Honestly i don't even know where to begin..I haven't written in months and this isn't writer's block either. Last year has had it's fair share of ups and downs, but you know how you get that feeling that the downs sometimes far outweigh the ups. It's been like that. Mind you ...I'm no over-enthusiastic pessimist about things but being made redundant from a job that stifled me creatively to a couple of sad realisations - my perceptions started to morph into something completely alien-like.
But over the course of the year I reminisced about one thing that could change the way i operated as an individual to better help me and the people around me...We sometimes forget the thin veneer that sometimes divides our private lives from our public ones. When we alone know our blemishes and foibles, we can sometimes manage to conceal them for a lifetime. But as anyone who’s been in a committed relationship knows, the fastest way to unearth those things is to fall in love . . . and then wait a little while, till the butterflies disperse.
While on a shoot at Flagstaff Gardens, I watched people around me – the way they interacted and moved in harmony like a giant multi-coloured sheet that breathed life into my surroundings. But … I had this sinking feeling of disregard …. as I would disregard many other things in life, such as stupid movies, vulgar people, idiots or any other form of life that should be placed in the level of complete contempt. [ This is debatable]
Sometimes my cynicism pervades every inch of my body and, without an explanation or a strong reason, it completely subjugates my artistic instincts. My feelings kept telling me there was nothing in this world more monotonous than a garden, and flowers, and grass, and people walking.
So where is the poetry here? Where is the Art? Yes, for if there is no Art form in a garden, and people, and grass and flowers and sun, what else is left for one to talk about in an early Friday morning enchanted by triple-expresso coffee, muffins and lack-of-sleep weariness?

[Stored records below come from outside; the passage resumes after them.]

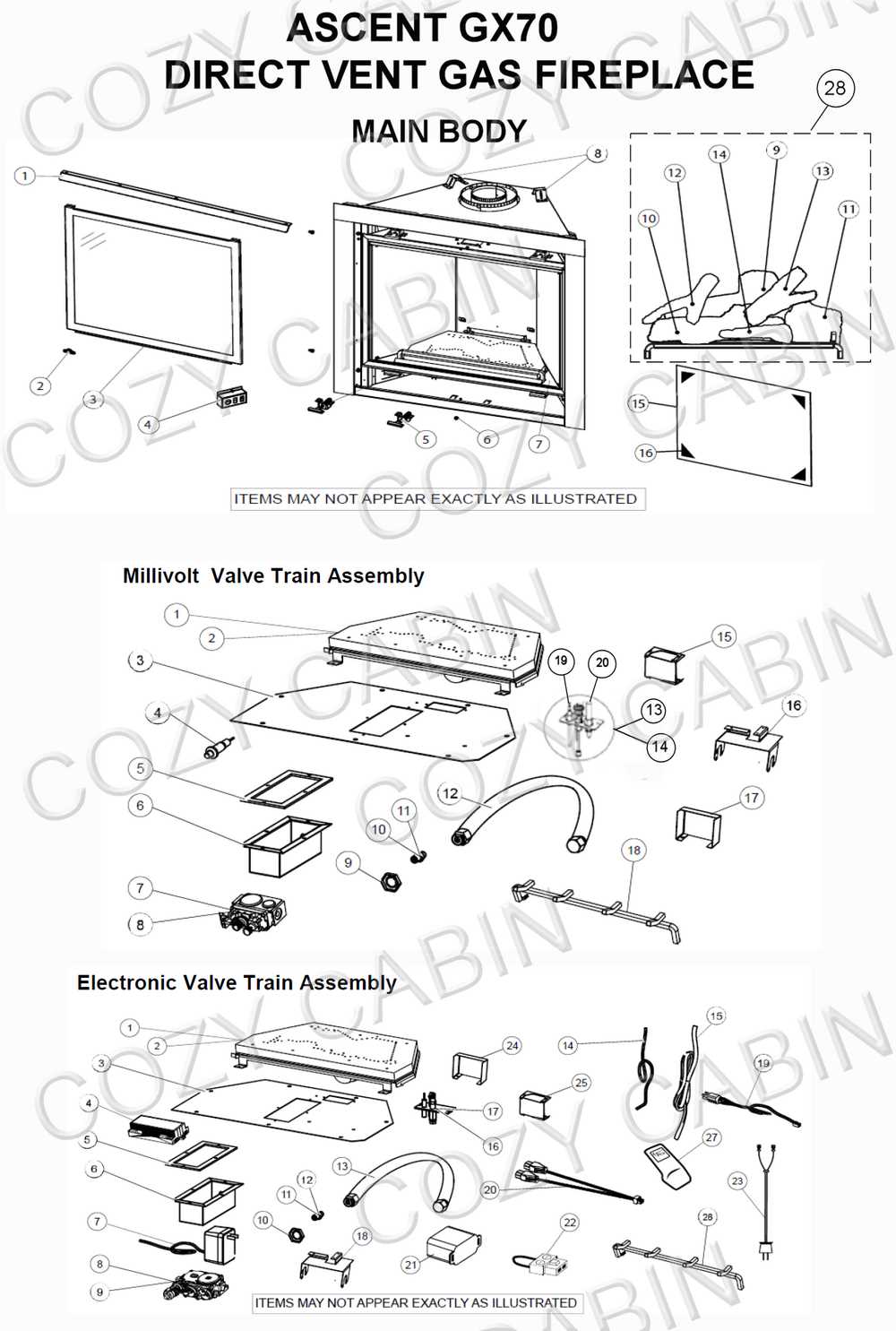 gas fireplace parts diagram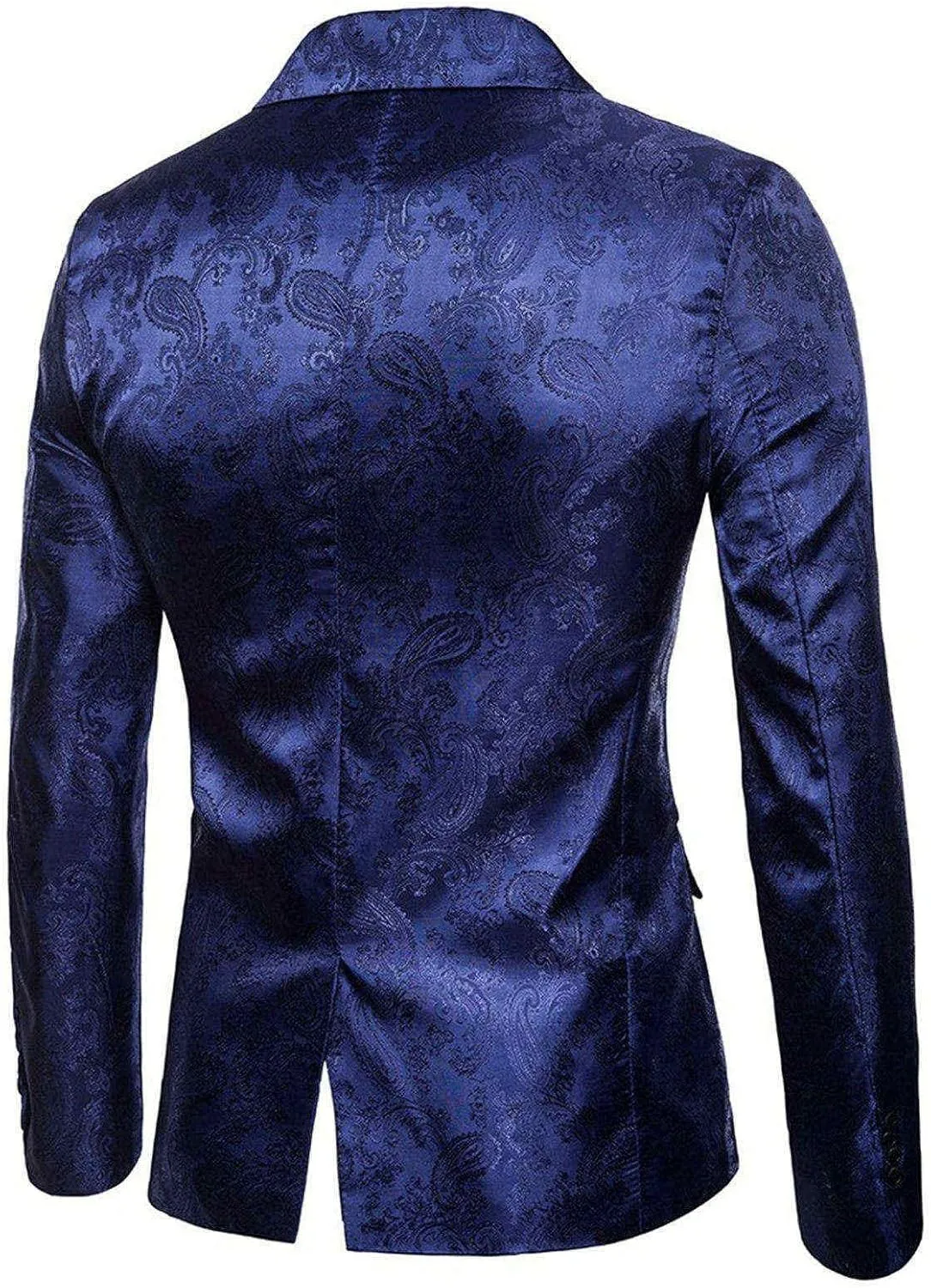 WUAI-Men Casual Suit Blazer Jackets Lightweight Tailored One Button Work Business Sport Coat Outwear Tops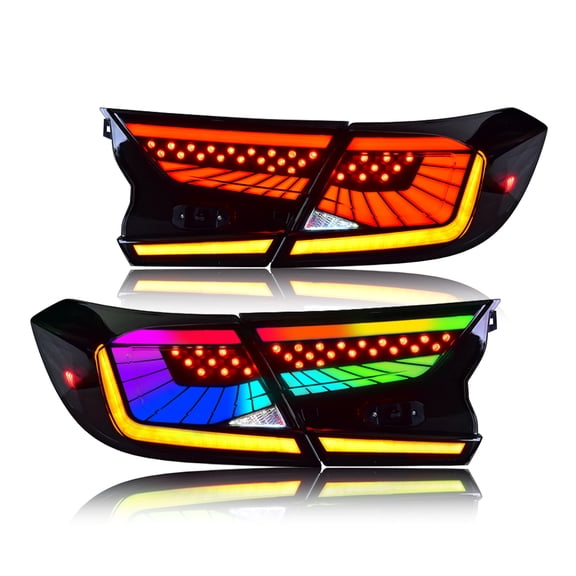 RGB Tail lights for Honda Accord 2018-2022, LED Taillights Assembly for Honda Accord 10th Gen, Dynamic Animation, Plug&Play (RGB, 1 Pair)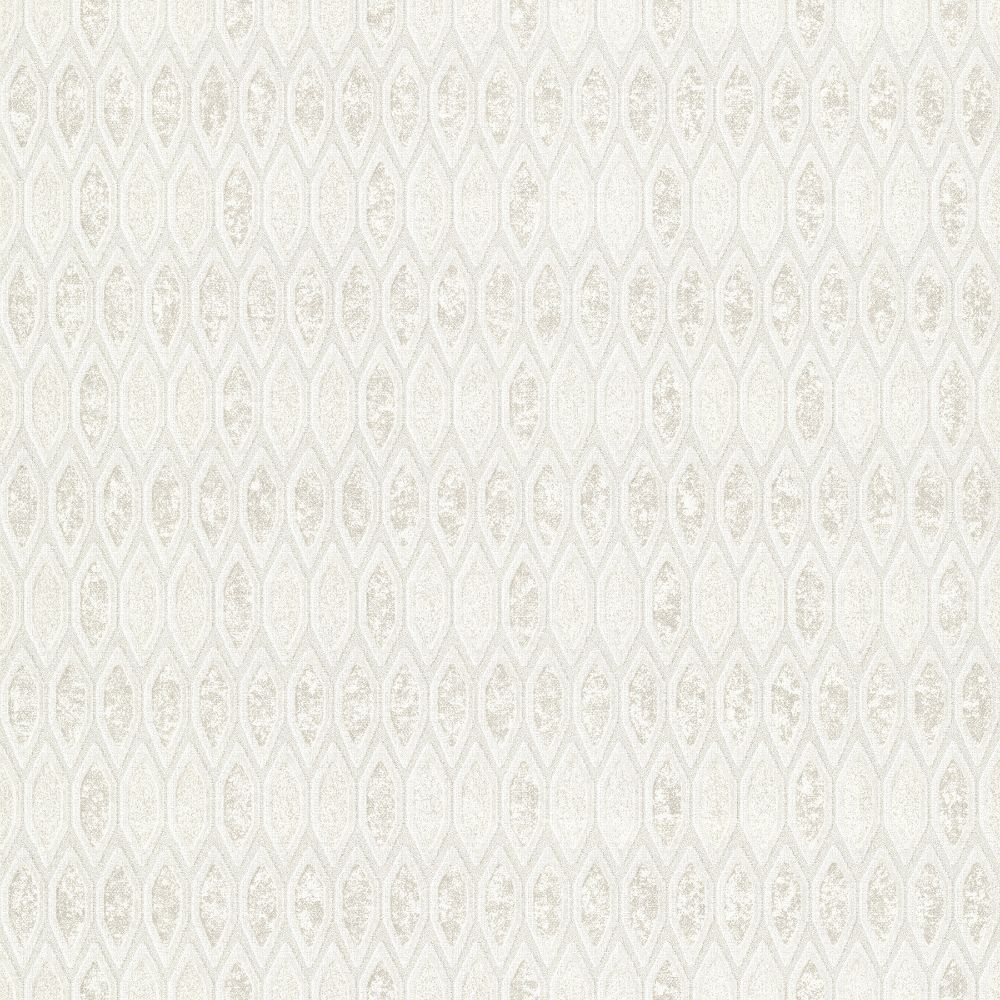 A-Street Prints by Brewster 4019-86462 Lustre Damour Hexagon Ogee Wallcovering in Cream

I believe Art should not be consumed by the ordinary or the extraordinary for there is little one can do to define what Art really should be, or, for that matter, what poetry should be.
The most intense feeling in the world could have taken place just before my very eyes in that garden and, being myself completely oblivious to it, it just rushed by me like any other passerby. On an average day, if you think of the number of people who you come into contact with, they all have a stake in your happiness; they can leave you feeling cherished, valued and appreciated, or they can leave you feeling worthless, unwanted and basically shit.
Where there may be superficial variances that can sometimes separate us, on a deeper level, we are more alike than different and as individuals, we give so much to so many without knowing it and in return, there are countless others who provide for us without us ever being aware.